* **WHAT YOU NEED TO DO**
For this exercise, copy exactly the lines below from the one with "Decorative Large Wall" through the one with "Transparent travel portable" and leave out the pictures.

* **INFORMATION GIVEN**
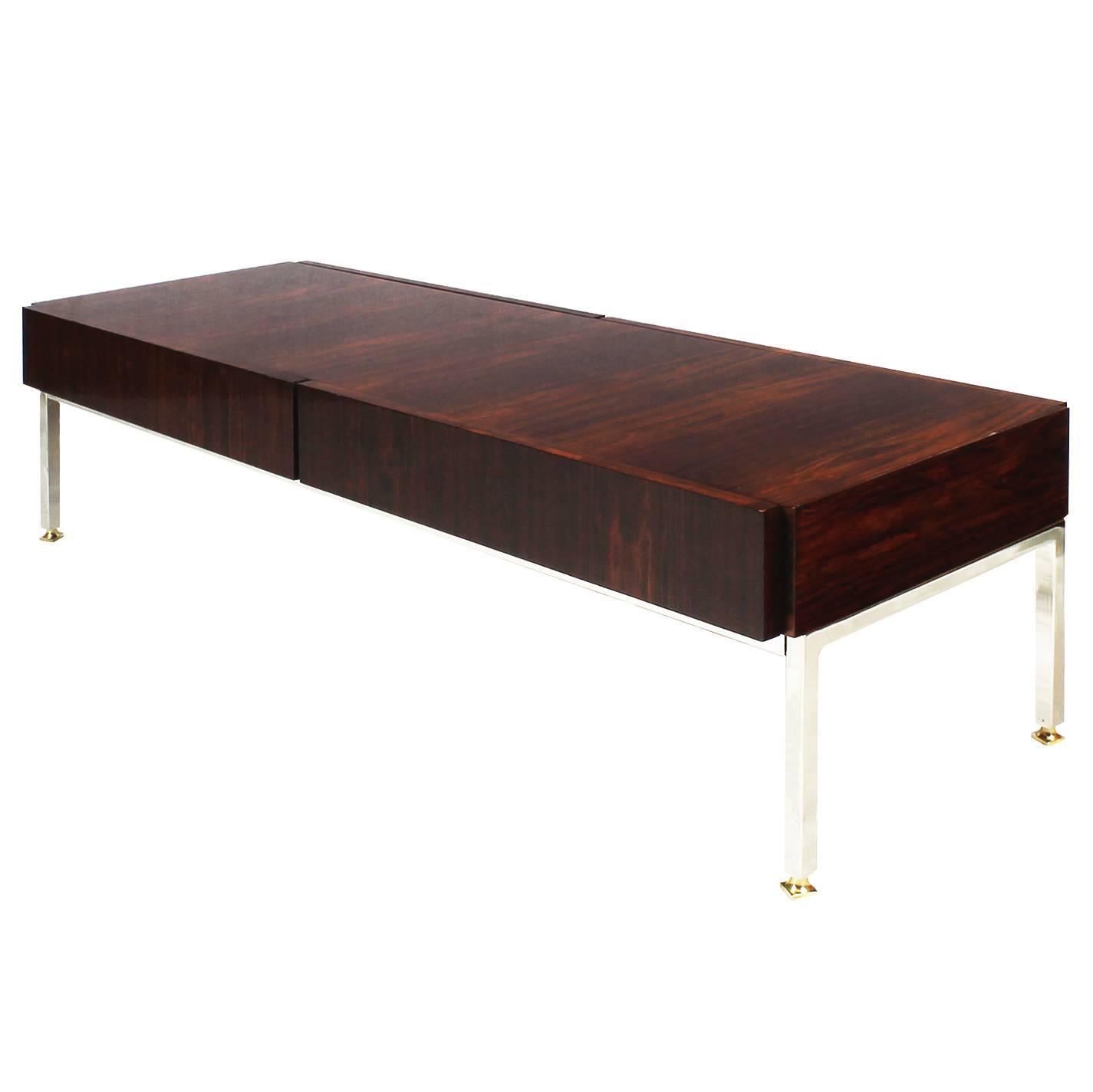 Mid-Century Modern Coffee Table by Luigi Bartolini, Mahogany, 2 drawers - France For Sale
==
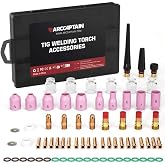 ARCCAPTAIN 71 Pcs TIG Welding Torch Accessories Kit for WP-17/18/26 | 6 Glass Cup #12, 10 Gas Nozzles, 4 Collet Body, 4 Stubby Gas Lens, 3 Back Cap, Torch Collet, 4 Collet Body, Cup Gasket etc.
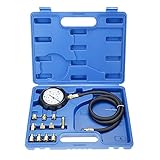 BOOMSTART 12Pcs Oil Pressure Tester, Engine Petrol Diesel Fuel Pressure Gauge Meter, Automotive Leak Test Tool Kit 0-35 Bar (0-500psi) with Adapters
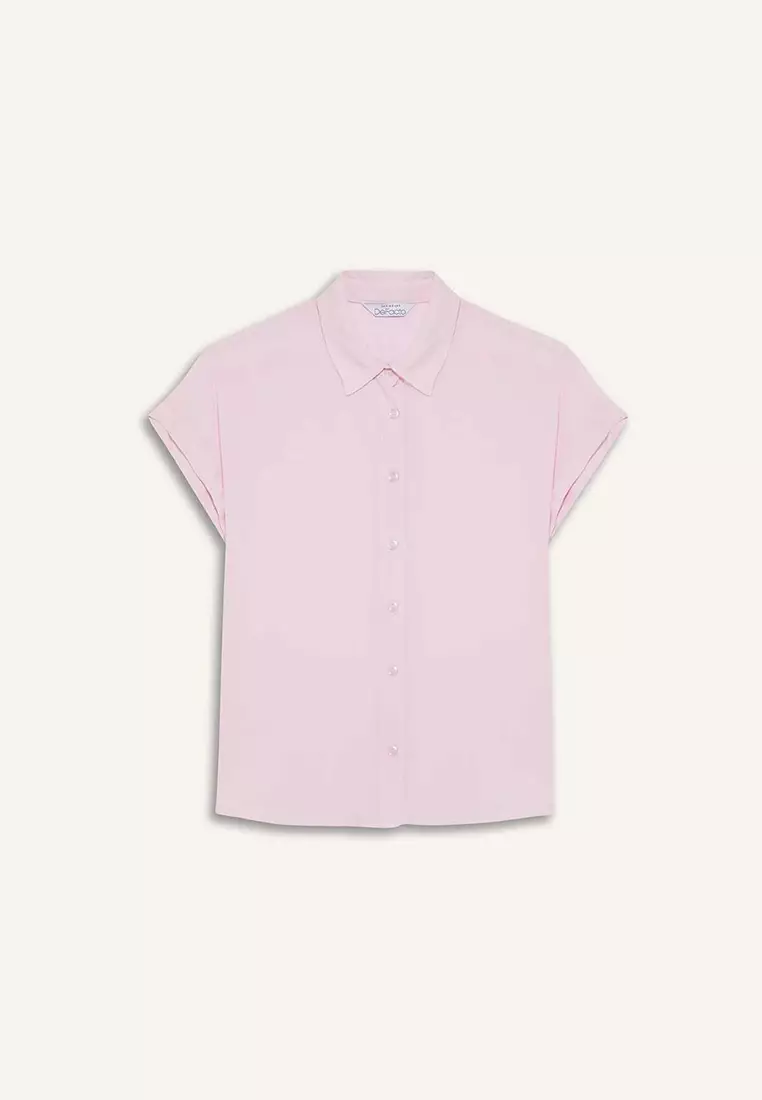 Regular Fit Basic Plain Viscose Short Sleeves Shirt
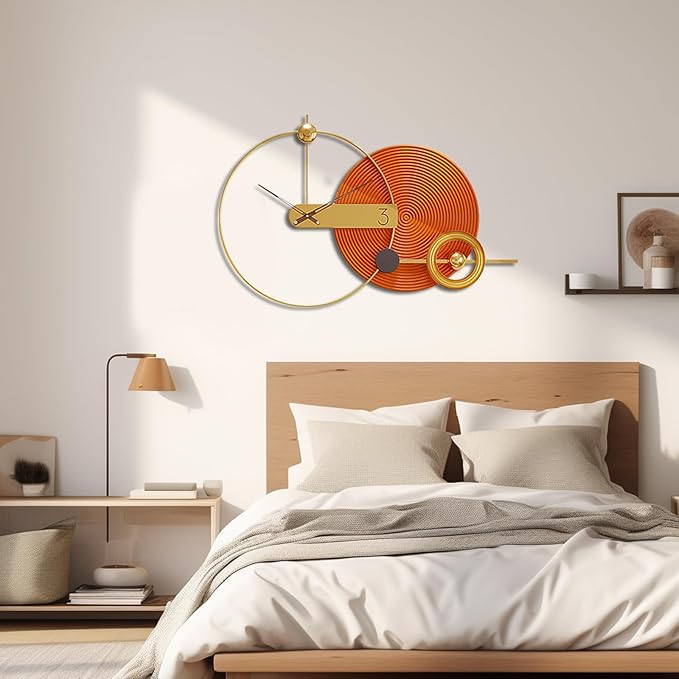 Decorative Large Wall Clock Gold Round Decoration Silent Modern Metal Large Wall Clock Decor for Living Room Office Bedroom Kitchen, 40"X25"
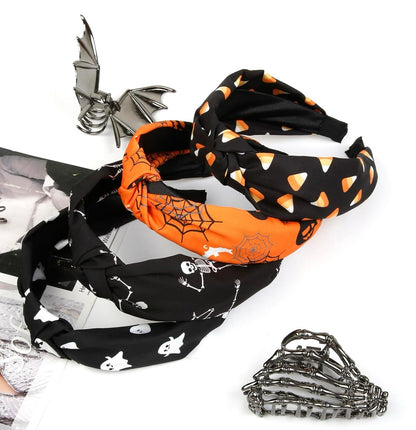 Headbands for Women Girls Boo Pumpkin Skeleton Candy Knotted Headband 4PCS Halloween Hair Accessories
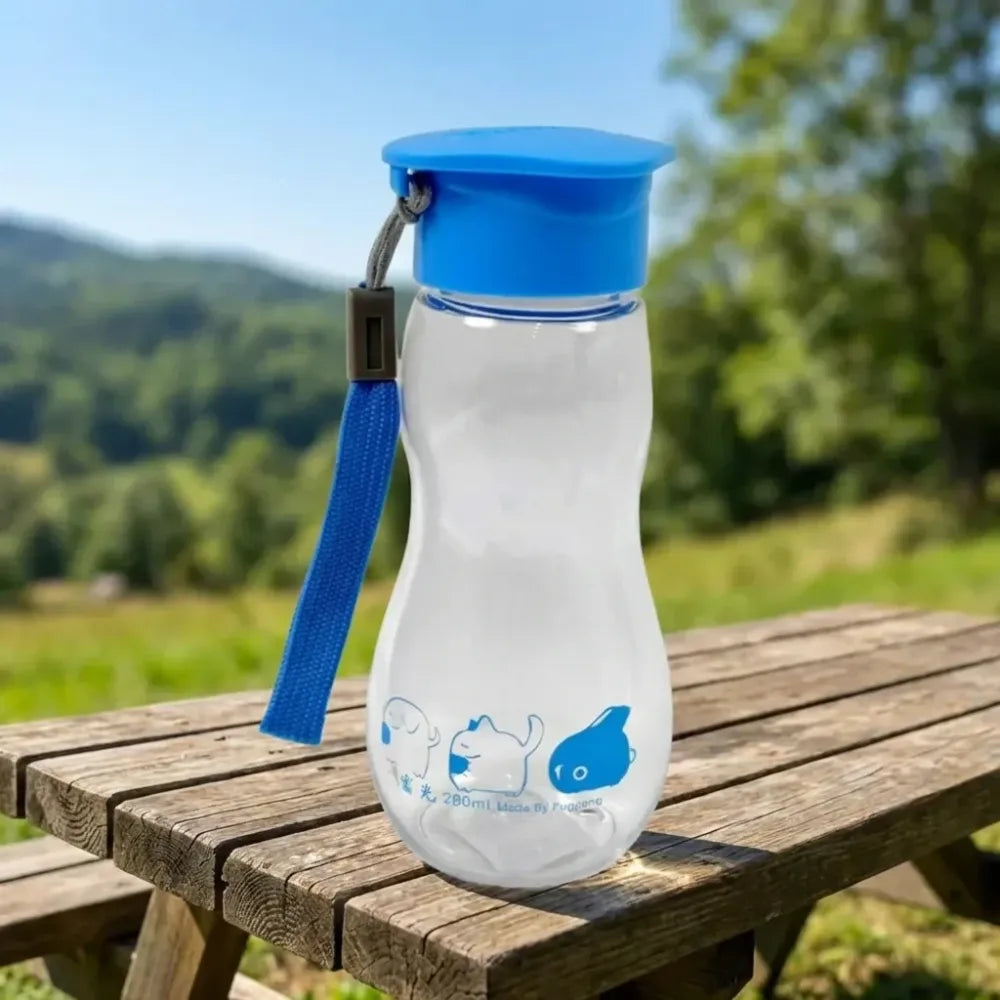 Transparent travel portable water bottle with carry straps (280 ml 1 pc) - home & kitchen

* **ANSWER SPACE**
 Decorative Large Wall Clock Gold Round Decoration Silent Modern Metal Large Wall Clock Decor for Living Room Office Bedroom Kitchen, 40"X25"
 Headbands for Women Girls Boo Pumpkin Skeleton Candy Knotted Headband 4PCS Halloween Hair Accessories
 Transparent travel portable water bottle with carry straps (280 ml 1 pc) - home & kitchen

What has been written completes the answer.